▸ **Exercise directions**
Each line below from the "CATTIVISSIMO ME X" line through the "AVA QUALITY COOLING" line, those two included, must be restated word for word; the pictures must not be.

▸ **Records shown**
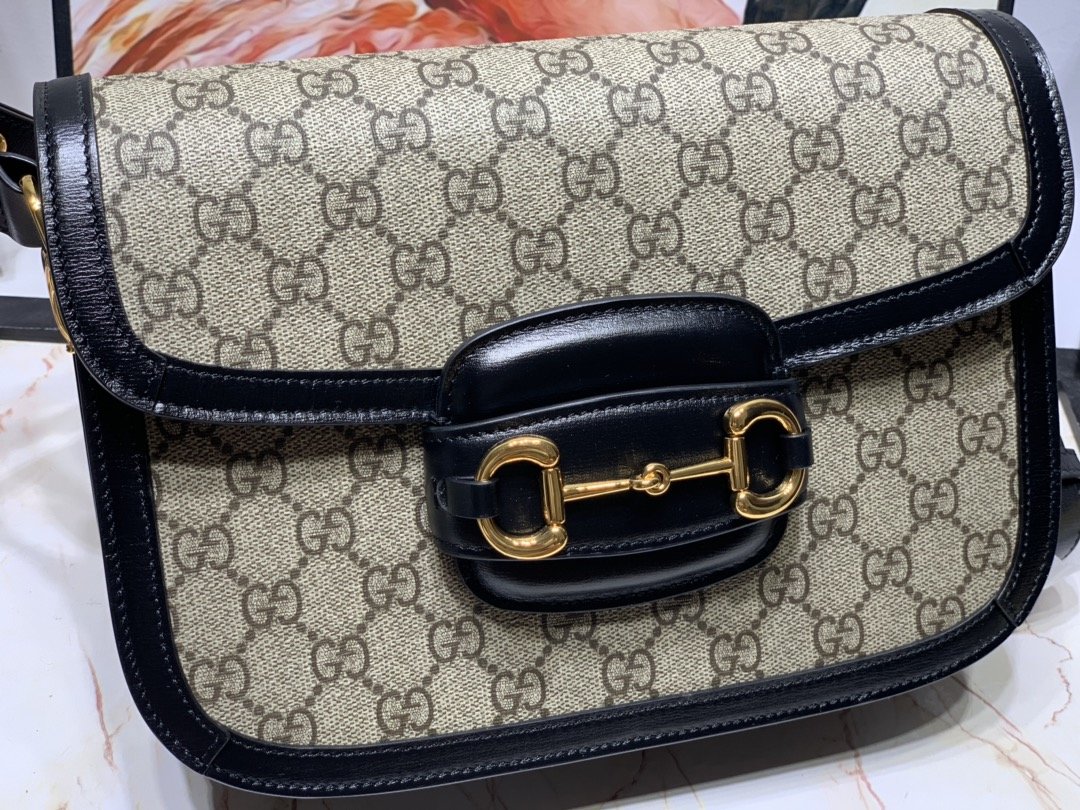 Replica Gucci Women 1955 Horsebit Bag Black 602204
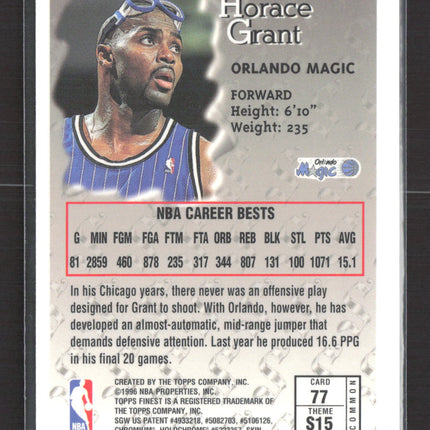 1996 Topps Finest Sterling Horace Grant #77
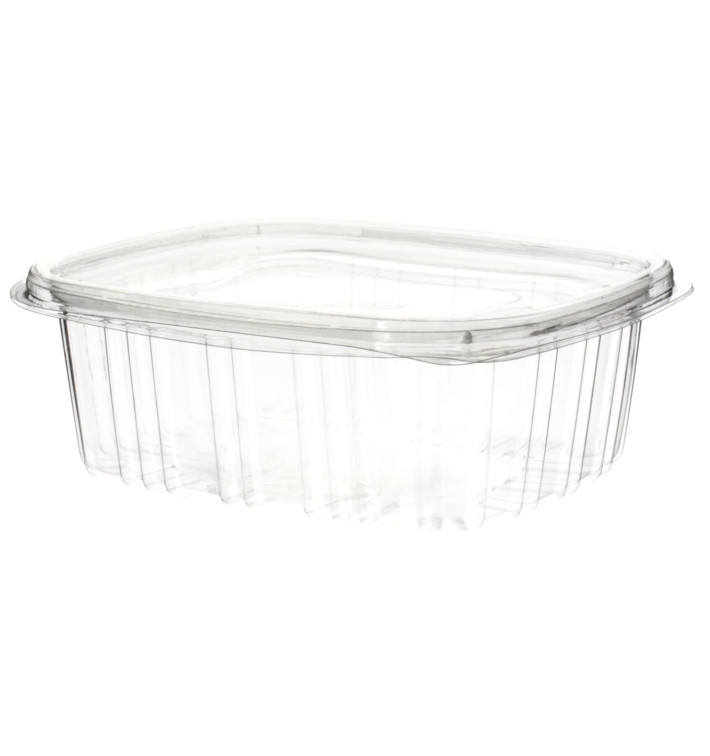 Plastic scharnierende Deli-Container OPS 375ml (60 stuks) Plastic scharnierende Deli-Container OPS 375ml (60 stuks)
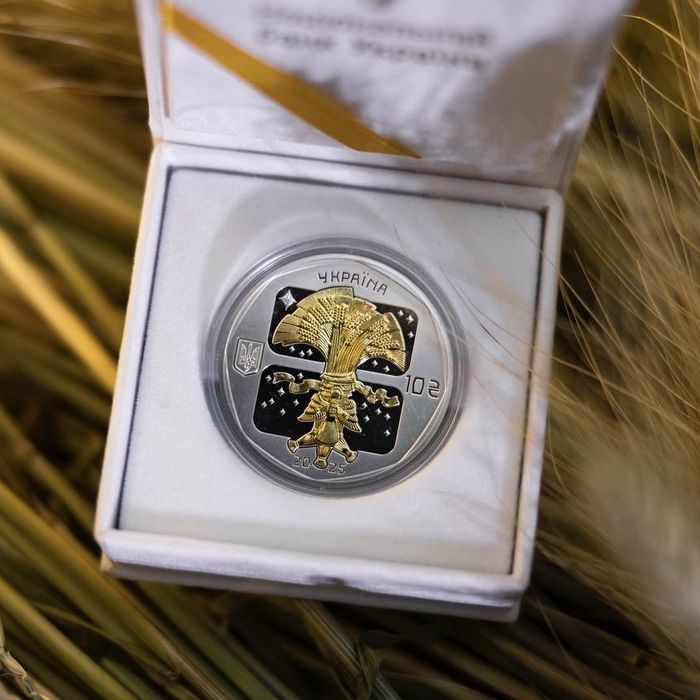 Монета Дух Різдва 10 гривень срібло
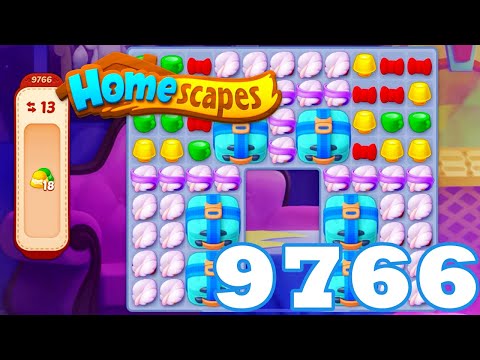 Homescapes Level 9766 HD 3 - match puzzle game | Gameplay Walkthrough | android | GameGo Game | IOS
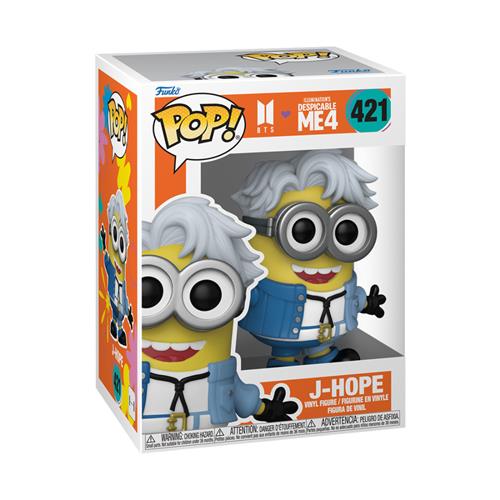 CATTIVISSIMO ME X BTS - POP FUNKO VINYL FIGURE 421 J-HOPE 9CM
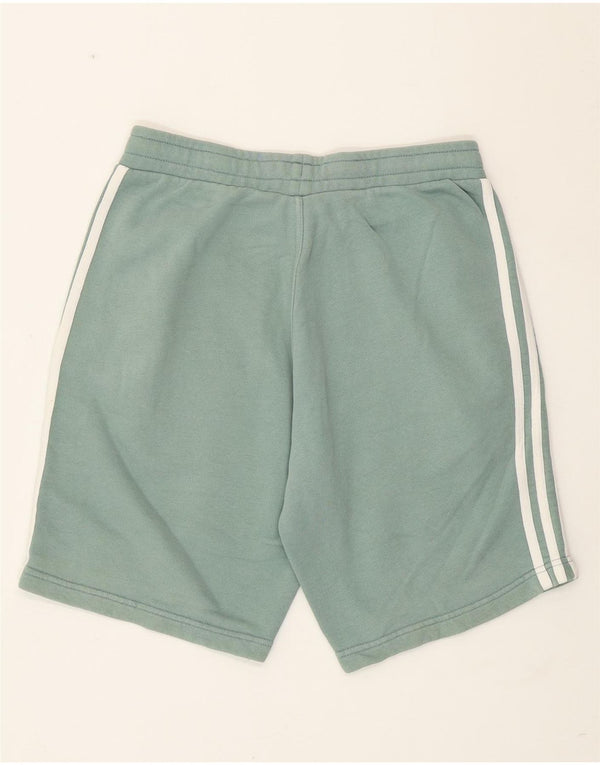 Adidas Mens Sport Shorts Small Green Cotton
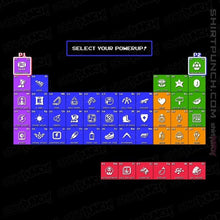 Load image into Gallery viewer, Secret_Shirts Magnets / 3"x3" / Black Periodic Table of Power-ups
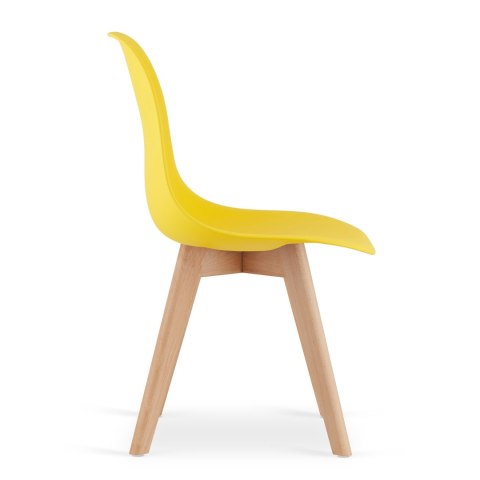 Krzesło KITO żółte / nogi naturalne x 1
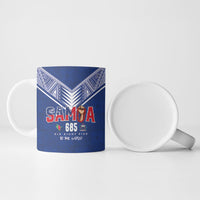 Samoa Rugby Custom Ceramic Mug Six Eight Five to The World - Pacific Motif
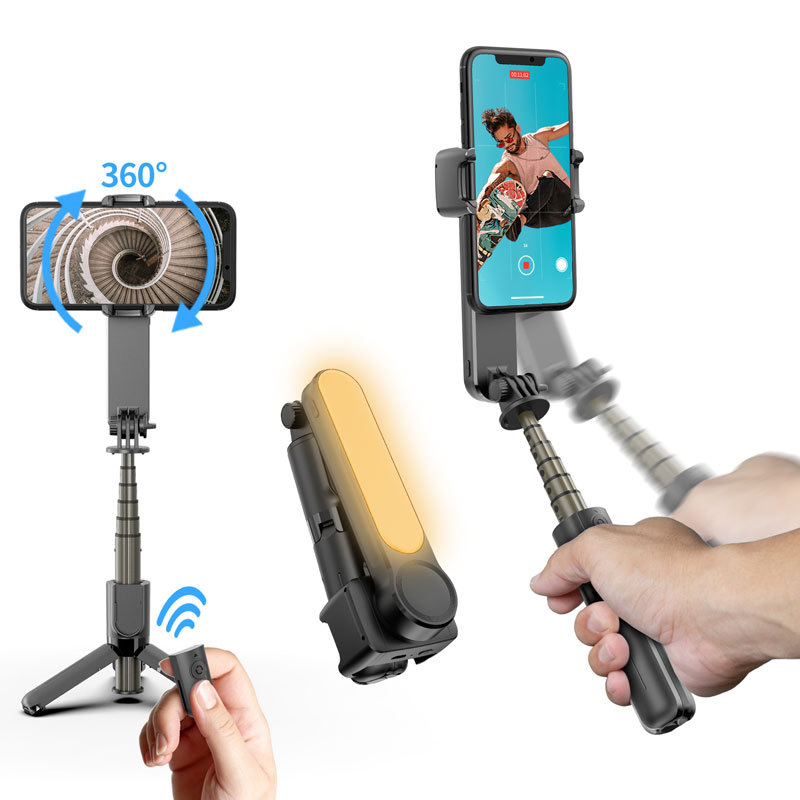 Selfie Stick Three-Legged Desktop Bracket, Integrated Mobile Phone Live Selfie Stick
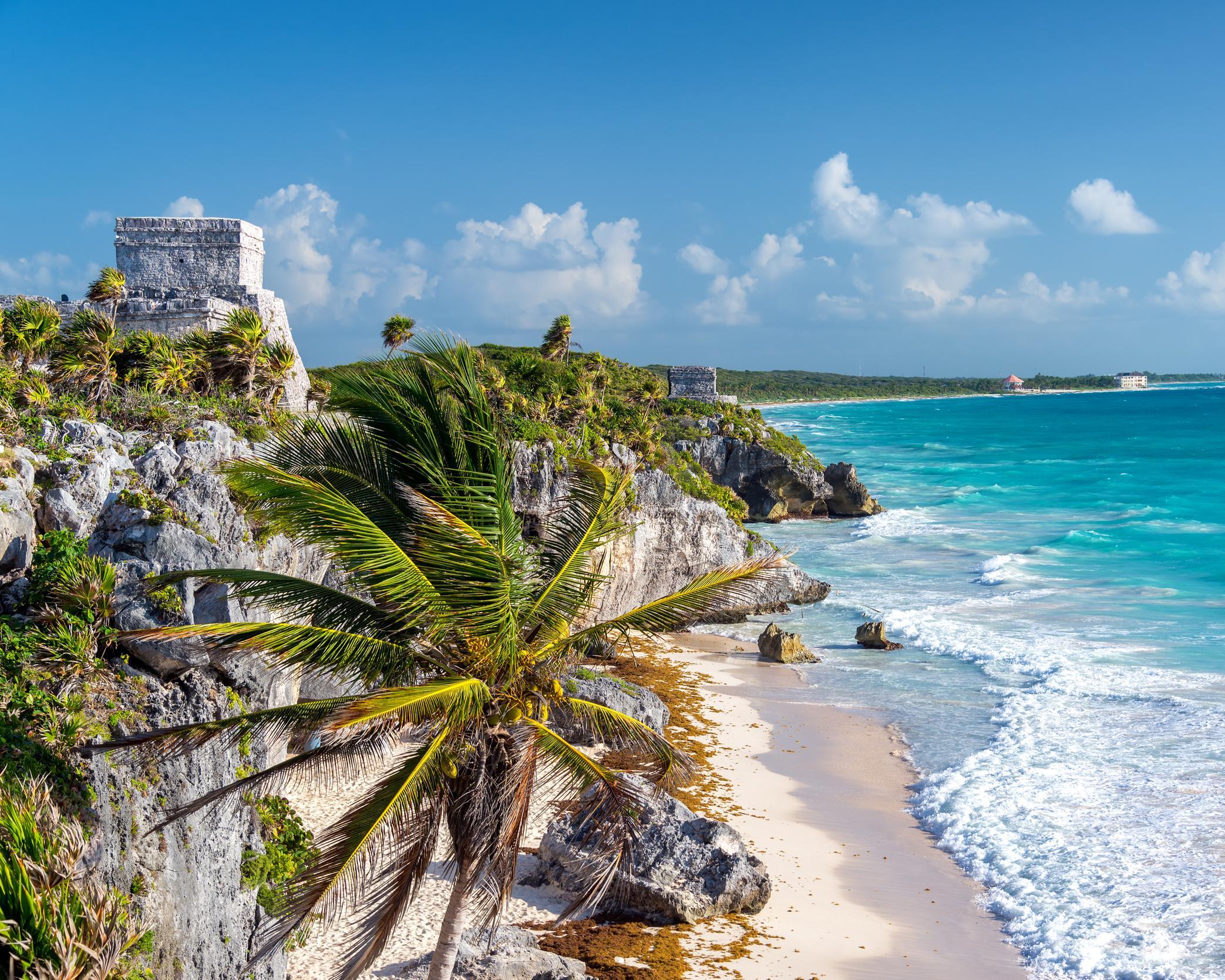 Mexicaanse Maya-cultuur en strand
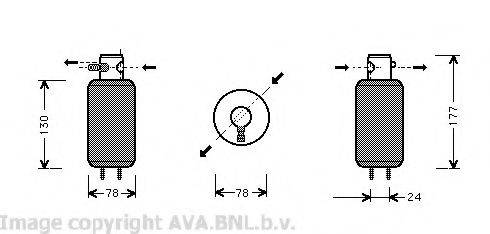 AVA QUALITY COOLING VWD165 Осушувач, кондиціонер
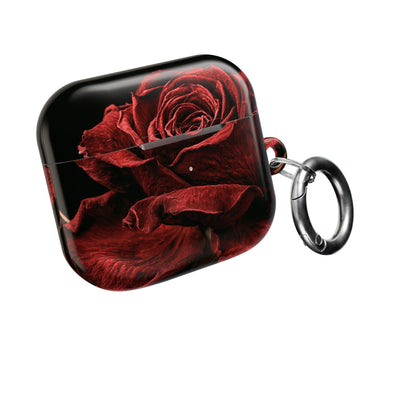 Crimson Noir Rose · Hard Case for AirPods & AirPods Pro · Black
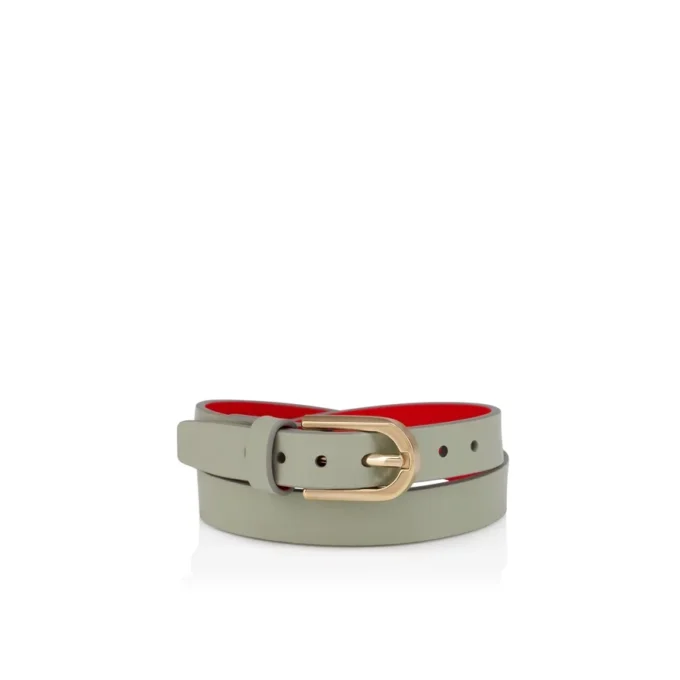Bettina – Pulsera – Piel de becerro lisa – Haiiro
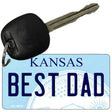 Best Dad Kansas State License Plate Tag Novelty Key Chain KC-6616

▸ **Task response**
 CATTIVISSIMO ME X BTS - POP FUNKO VINYL FIGURE 421 J-HOPE 9CM
 Adidas Mens Sport Shorts Small Green Cotton
 Load image into Gallery viewer, Secret_Shirts Magnets / 3"x3" / Black Periodic Table of Power-ups
 Krzesło KITO żółte / nogi naturalne x 1
 Samoa Rugby Custom Ceramic Mug Six Eight Five to The World - Pacific Motif
 Selfie Stick Three-Legged Desktop Bracket, Integrated Mobile Phone Live Selfie Stick
 Mexicaanse Maya-cultuur en strand
 AVA QUALITY COOLING VWD165 Осушувач, кондиціонер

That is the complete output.